CAPITAL FEDERAL (ADNSUR) - Entre el 26 y el 28 de abril el Reino Unido realizó maniobras militares en las Islas Malvinas. Desde el gobierno de Alberto Fernández salieron a repudiar estas acciones y las calificaron como “una injustificada demostración de fuerza”.

El comunicado oficial de Cancillería indicaba que los operativos incluyen el lanzamiento de misiles Rapier y “nuevamente hacen caso omiso de los llamamientos de las numerosas resoluciones de las Naciones Unidas y de otros organismos internacionales, que instan tanto a la Argentina como al Reino Unido a reanudar las negociaciones a fin de encontrar una solución pacífica y definitiva a la disputa de soberanía”.

El Gobierno, que ya estaba al tanto de este proceder, había mostrado semanas atrás su rechazo a estas operaciones militares, que fueron ignoradas por el Reino Unido.
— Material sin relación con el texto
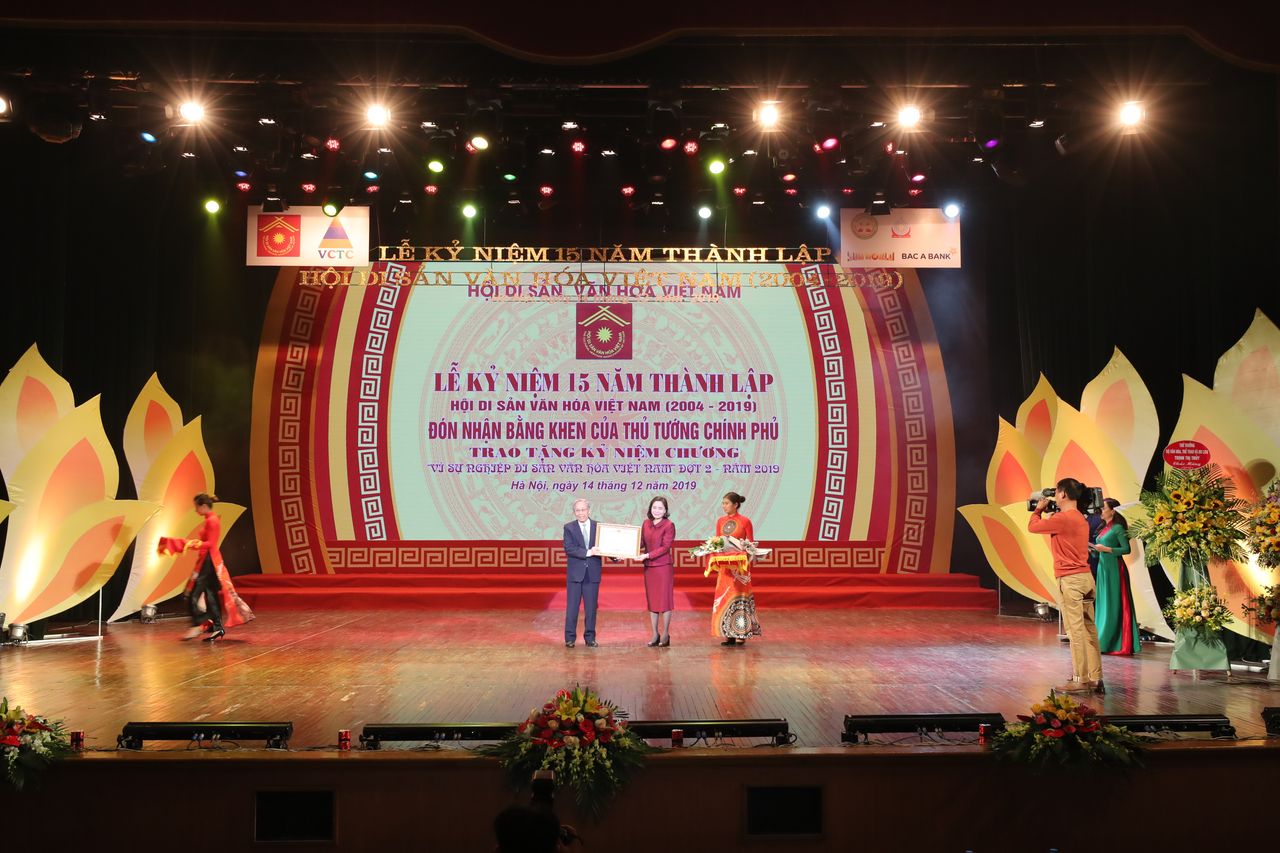 15 năm Hội Di sản Văn hóa Việt Nam (2004-2019): Nơi hội tụ và lan tỏa tình yêu với di sản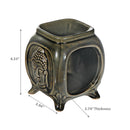 Ceramic Oil Burner (Buddha Face)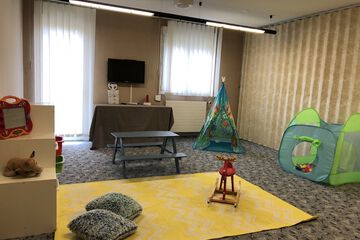 Children's play area - indoor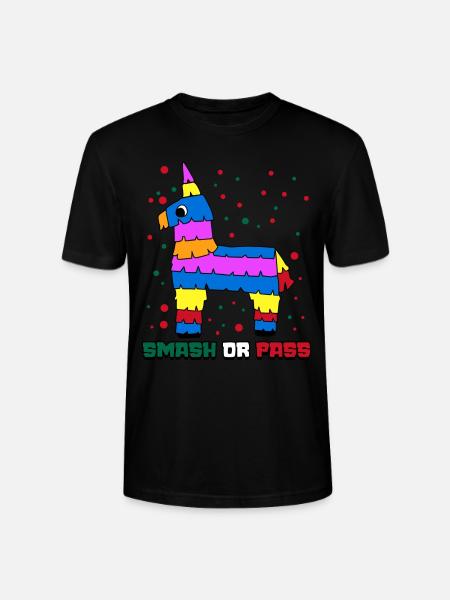 Mexico Piñata Mexican Mexicans - Stanley/Stella CRAFTER Unisex Organic T-Shirt - black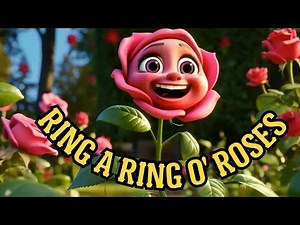 Ring a Ring o' Roses - Fun Animated Nursery Rhyme for Kids | Classic Children's Songs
Incluso Argentina había denunciado la situación ante Naciones Unidas y la Organización Marítima Internacional.

“Estas maniobras militares demuestran una vez más que la ocupación ilegítima de Malvinas es la excusa para el establecimiento de una desproporcionada base militar. Actualmente cuenta con 1200 efectivos en Monte Agradable y otros 300 civiles que prestan servicios realizando tareas de apoyo. Las Islas Malvinas representan uno de los territorios más militarizados del mundo, teniendo en consideración la cantidad de militares por habitante”, agrega.

“Las Fuerzas Británicas en las Islas del Atlántico Sur resultan desproporcionadas si se tiene en cuenta la persistente voluntad de diálogo expresada por el Gobierno argentino y su deseo de resolver la disputa territorial por medios pacíficos”, continúa.

Advirtieron además que la presencia militar y el lanzamiento de misiles contradice la resolución 41/11 de la Asamblea General que exhorta a los Estados de todas las demás regiones a que respeten la región como zona de paz y cooperación.